[What is needed]: Please make sure what you return matches the listing below exactly, minus its pictures.

++++ Data below

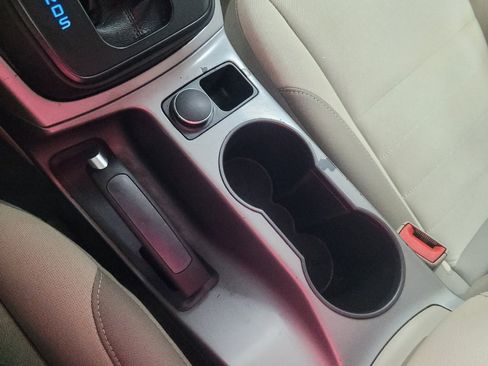 Used 2015 Ford Escape SE w/ Equipment Group 201A image 26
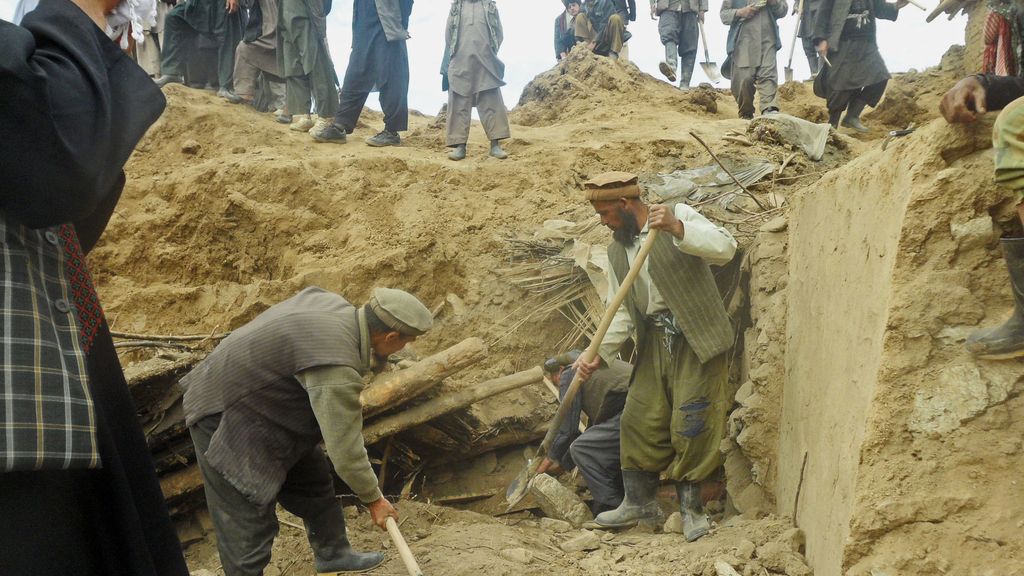 Miles de muertos en Afganistán en varios corrimientos de tierra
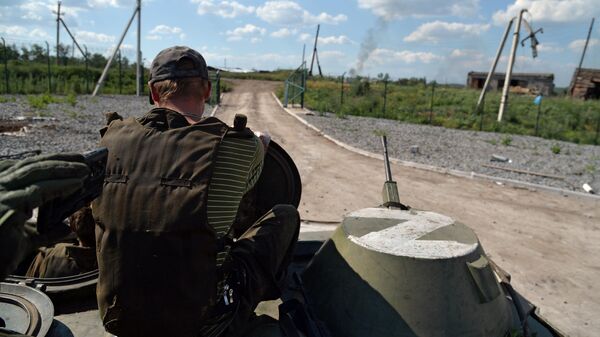 Бойцы Народной милиции ЛНР на бронетранспортере МТ-ЛБ в Нижней Камышевахе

++++++++

[Exercise result]:
 Used 2015 Ford Escape SE w/ Equipment Group 201A image 26
 Miles de muertos en Afganistán en varios corrimientos de tierra
 Бойцы Народной милиции ЛНР на бронетранспортере МТ-ЛБ в Нижней Камышевахе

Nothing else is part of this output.